Electric vehicles accounted for 54.3% of new car sales in 2020, up from 42% in 2019, according to figures published by the Norwegian Road Federation (OFV). Meanwhile, vehicles with diesel-only engines have fallen from a peak of 75.7% of the Norwegian vehicle market in 2011 to just 8.6% last year.
Carmakers have had plenty of reasons to celebrate. Volkswagen’s luxury brand Audi was the market leader in 2020, according to OFV’s report, selling 9,227 of its e-tron vehicles in the country. Tesla’s Model 3, the 2019 leader, was pushed into second place with 7,770 sales. Volkswagen’s ID.3, a compact electric car, ranked third with 7,754 cars sold.
Øyvind Thorsen, the chief executive of OFV, said that with these numbers the country is well-positioned for its 2025 target to ban the sale of petrol and diesel cars. EV’s would surpass 65% of the Norwegian market in 2021, according to a forecast by the country’s EV Association, which anticipates that sales will continue to grow.
More models are expected to be brought onto the Norwegian market later this year, helping sales move forward even more. Tesla’s mid-sized sports utility vehicle, the Model Y, will arrive in Norway over the next few months, as will the first electric SUVs from Ford, BMW, and Volkswagen, according to OFV’s report. In other words, the surge of electric cars shows no signs of slowing down.
Although unit sales are higher in China and the US, Norway is usually described as the poster child of the EV revolution. That’s because there are more EVs on Norwegian roads as a proportion of total vehicles than anywhere else in the world. It’s all about an electric transformation in this small country with just five million people, which owes much of its status to oil.

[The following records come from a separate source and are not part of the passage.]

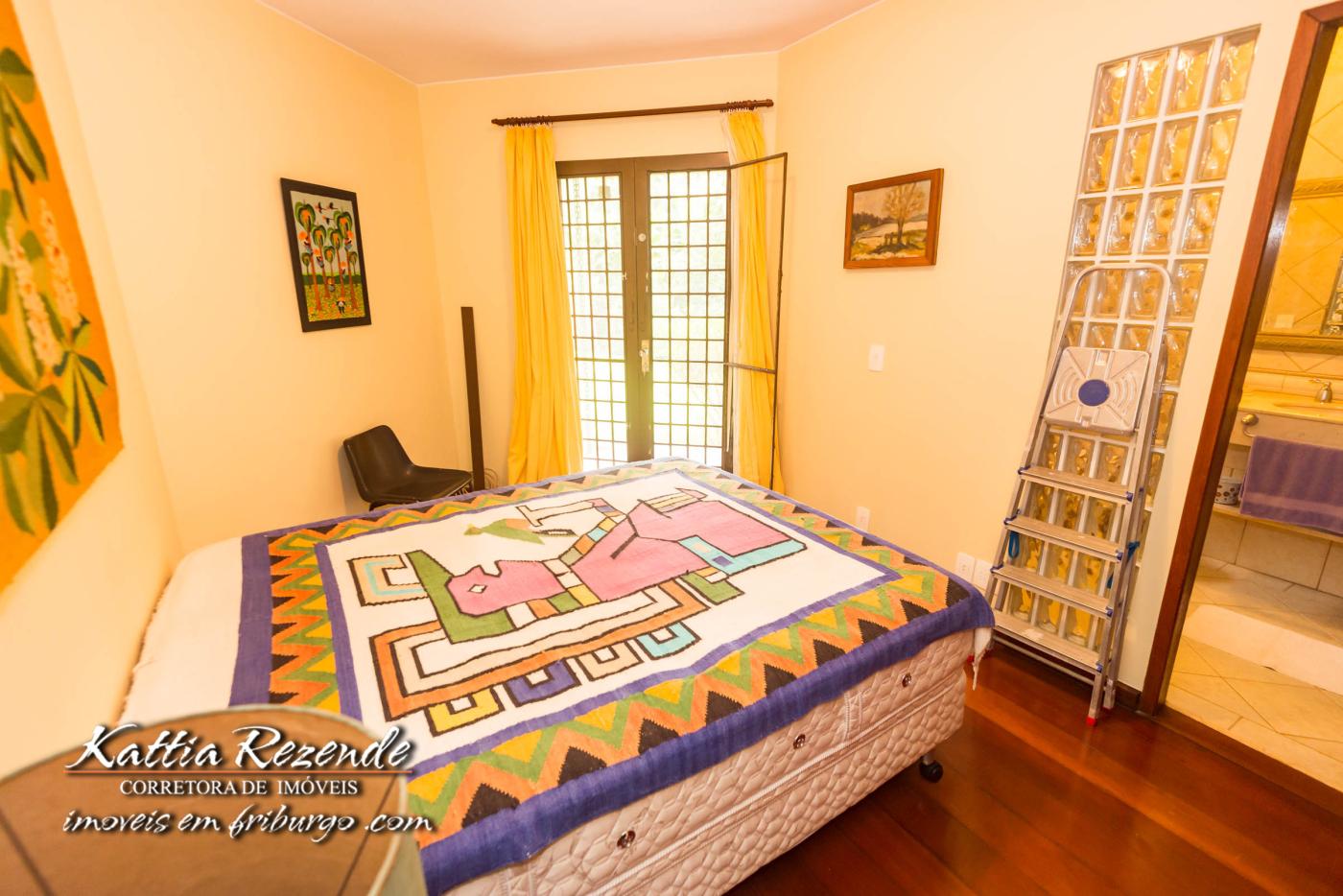 Casa à venda em Mury, Nova Friburgo - RJ - Foto 32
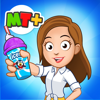 My Town - Fun Amusement Park - My Town Games LTD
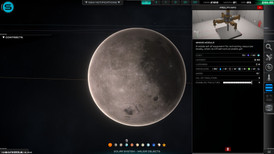 Solar Expanse - Space Exploration Manager screenshot 5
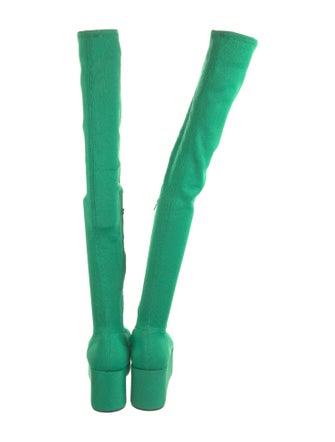 Simon Miller Sock Boots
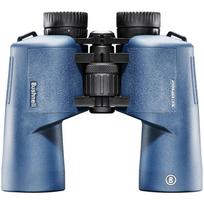 Bushnell H2O 7x50 Porro Dark Blue Žiūronai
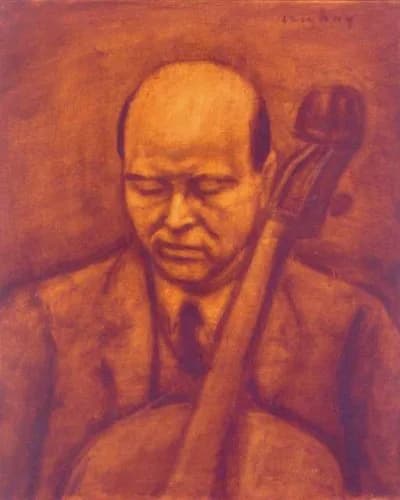 Pau Casals - Czigány Pablo Casals.jpg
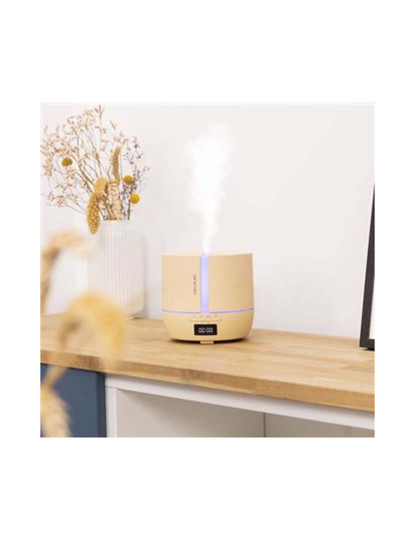 imagem de Humidificador PureAroma 550 Connected SunLight4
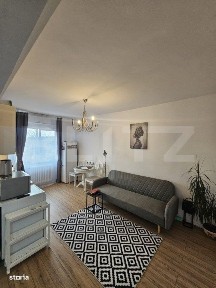 Apartament modern, 33 mp, Maramuresului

Nowadays though, almost all of Norway’s domestic energy comes from hydropower. This means that a switch to EVs is a much greener equation than for countries that rely on fossil fuels for their electricity. To make the switch, the government has been investing a lot since 1990 in charging infrastructure and financial incentives.
The government gave plenty of incentives to EV owners such as lowering road tax, removing charges for toll roads and public ferries, and offering free parking in municipal car parks. The sales tax was also removed from new EV purchases in 2001 and drivers were allowed to use bus lanes from 2005 onwards.

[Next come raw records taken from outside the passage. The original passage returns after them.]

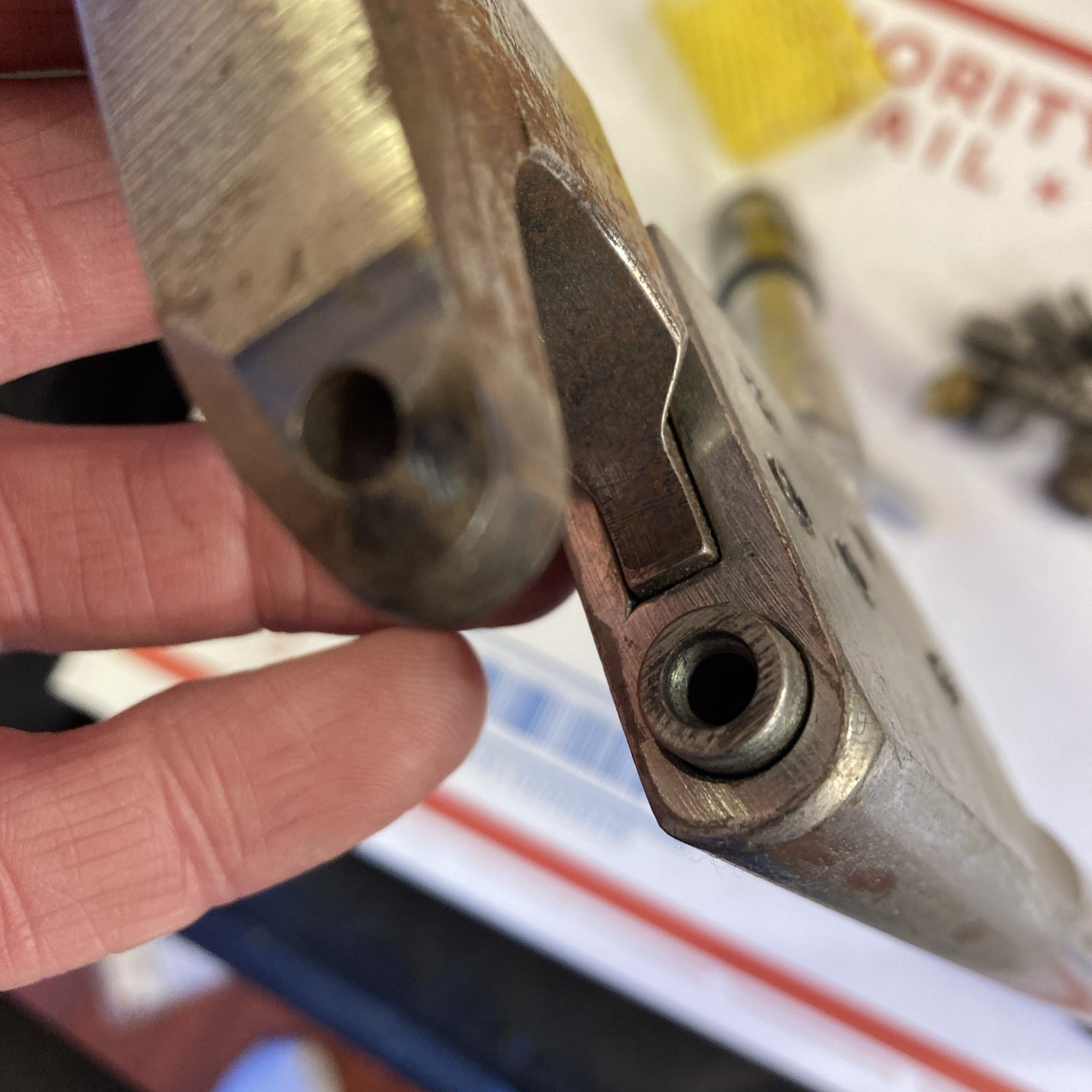 Belly Tank Race Car Hand Rivet Squeezer W/Die 3/16 Shank Aircraft Aviation Tool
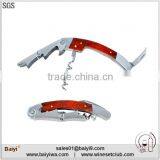 Multi-function Standing Wine Opener Corkscrew thumbnail-1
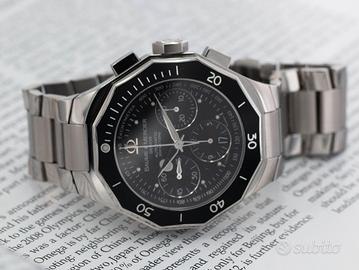 Baume & Mercier Riviera XXL Chrono 8723 - N.O.S.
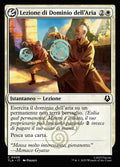 Airbending Lesson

But it’s not just about cars, as Norway wants to revolutionize other ways of transportation. Scandinavian Airlines is working with Airbus on hybrid research and Avinor, the state-owned operator of the country’s airports, said it wants to use electric-powered aircraft on short-haul flights by 2030. The country also is a world leader in the transition to battery technology for shipping.
Norwegian Prime Minister Erna Solberg spoke last year on the importance of electrification. “For most countries, the first phase of the green shift is the transition from coal to renewables. Thanks to our waterfalls, Norway has already entered the next phase: How can we use our clean energy to electrify other sectors? We need to replace the fossil fuels used in other sectors,” she said.